= Task to carry out =
Transcribe exactly the stretch of lines beginning at the one containing "Monastery of the" and closing with the last line of the entries below. Omit images.

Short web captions

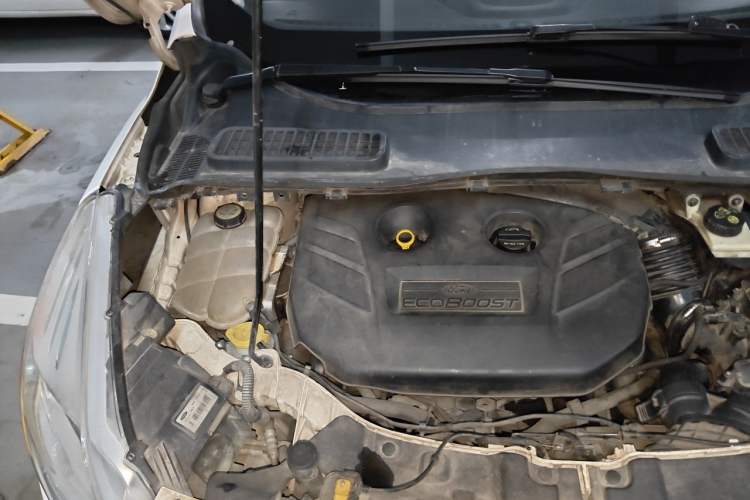 Used Ford Kuga 2013 2.0L GTDi Four-Wheel-Drive Elite Model Engine Bay Right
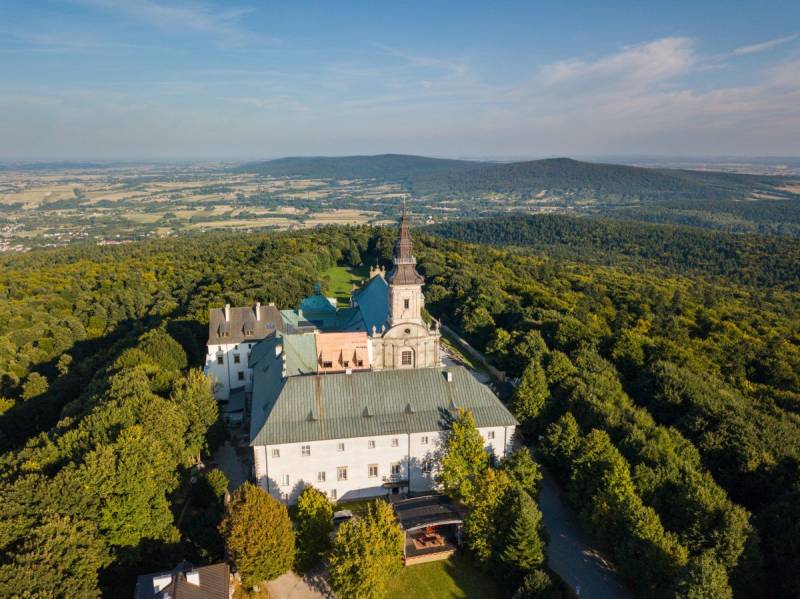 Monastery of the Missionary Oblates and the Sanctuary of the Relics of the Tree in the Łysa Góra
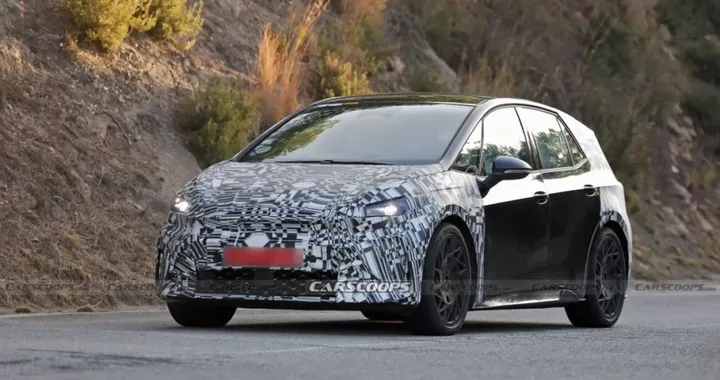 Restyling CUPRA Born, quando ci sarà il debutto: tutte le novità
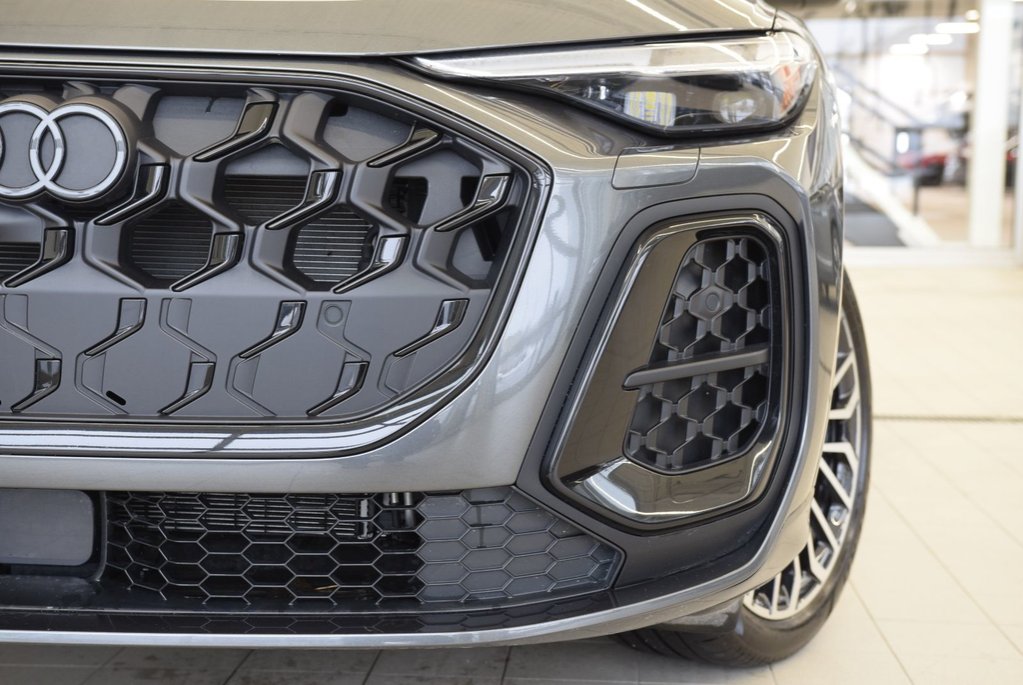 2025 Audi SQ5 TECHNIK+CUIR ROUGE+NEW MODEL in Laval, Quebec - 3 - w1024h768px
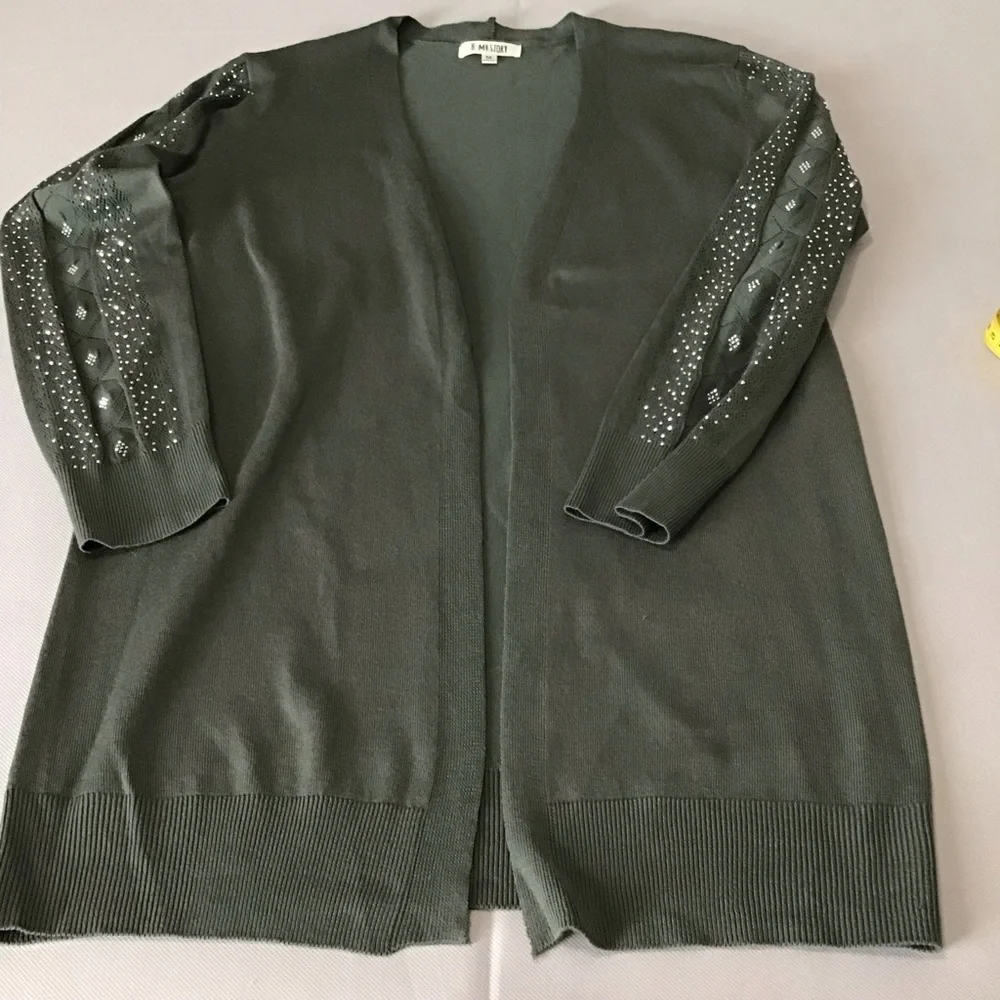 Woman’s Olive Open Front Cardigan - Picture 3 of 8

= The answer =
 Monastery of the Missionary Oblates and the Sanctuary of the Relics of the Tree in the Łysa Góra
 Restyling CUPRA Born, quando ci sarà il debutto: tutte le novità
 2025 Audi SQ5 TECHNIK+CUIR ROUGE+NEW MODEL in Laval, Quebec - 3 - w1024h768px
 Woman’s Olive Open Front Cardigan - Picture 3 of 8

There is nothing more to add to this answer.